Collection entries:

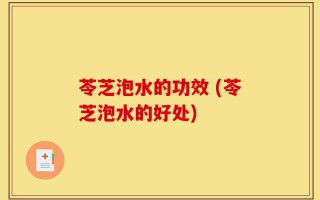 苓芝泡水的功效 (苓芝泡水的好处)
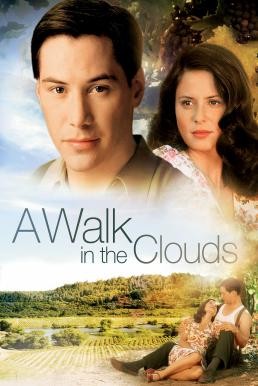 A Walk in the Clouds จะขอบูชาหัวใจเธอไว้ที่วิมานเมฆ (1995)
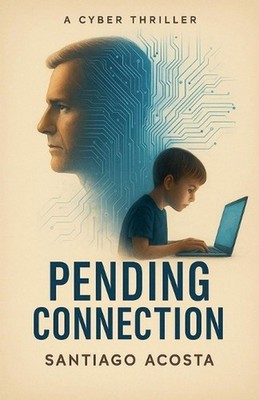 Pending Connection by Santiago C. Acosta Paperback Book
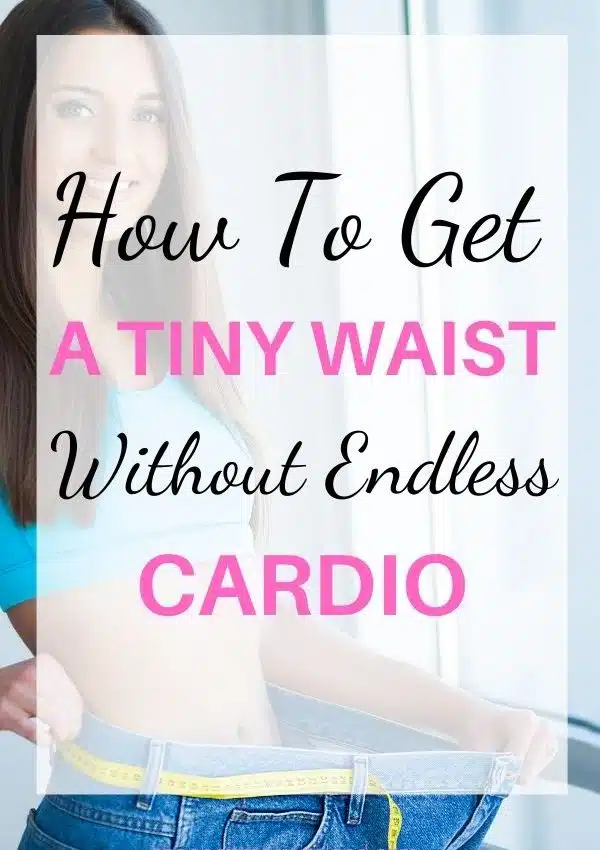 How To Get A Tiny Waist Fast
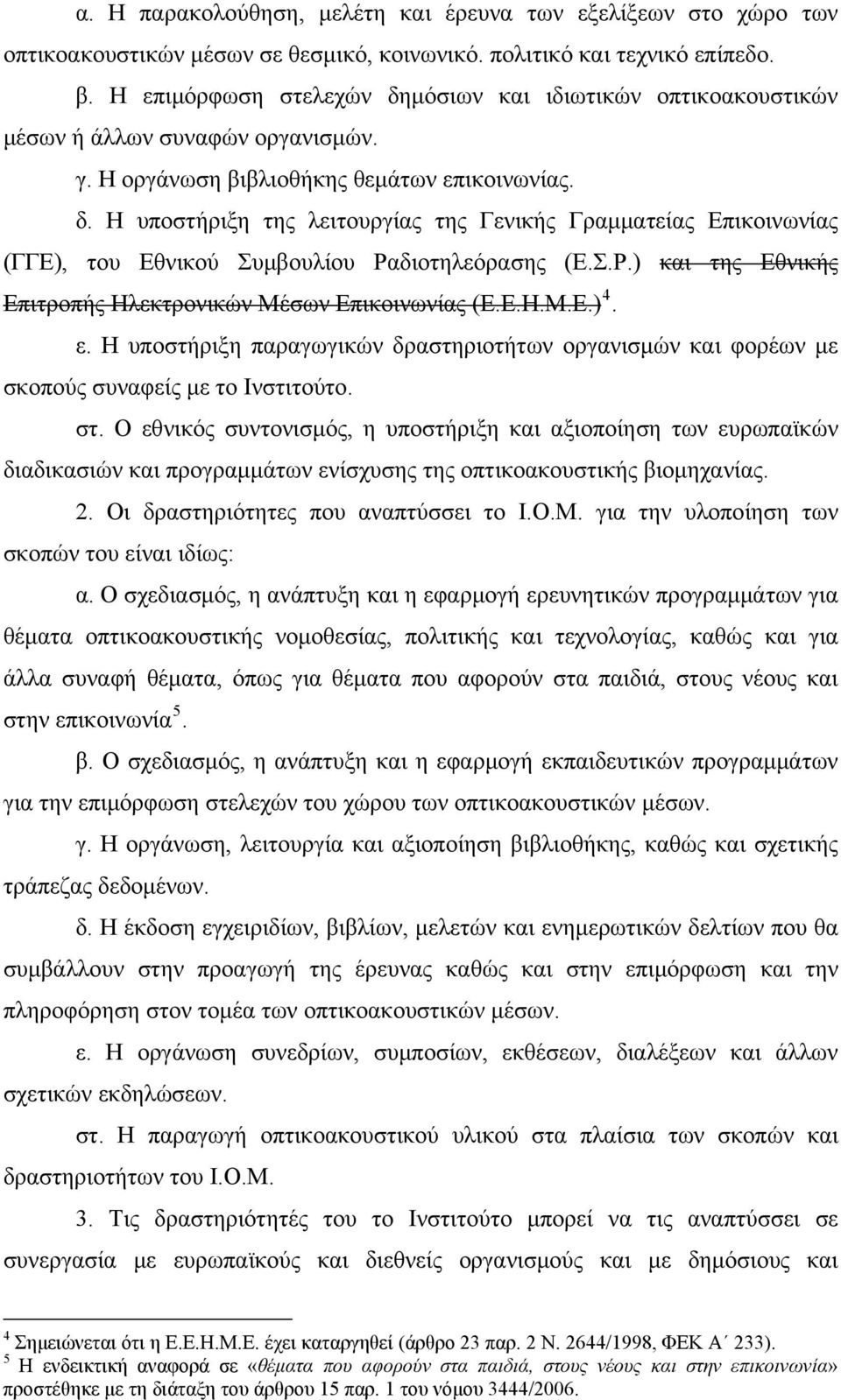 Σ.Ρ.) και της Εθνικής Επιτροπής Ηλεκτρονικών Μέσων Επικοινωνίας (Ε.Ε.Η.Μ.Ε.) 4. ε. Η υποστήριξη παραγωγικών δραστηριοτήτων οργανισμών και φορέων με σκοπούς συναφείς με το Ινστιτούτο. στ.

Prompt:
Transcribe each of the records above precisely, with no pictures in the copy.

Your solution:
 苓芝泡水的功效 (苓芝泡水的好处)
 A Walk in the Clouds จะขอบูชาหัวใจเธอไว้ที่วิมานเมฆ (1995)
 Pending Connection by Santiago C. Acosta Paperback Book
 How To Get A Tiny Waist Fast
 Σ.Ρ.) και της Εθνικής Επιτροπής Ηλεκτρονικών Μέσων Επικοινωνίας (Ε.Ε.Η.Μ.Ε.) 4. ε. Η υποστήριξη παραγωγικών δραστηριοτήτων οργανισμών και φορέων με σκοπούς συναφείς με το Ινστιτούτο. στ.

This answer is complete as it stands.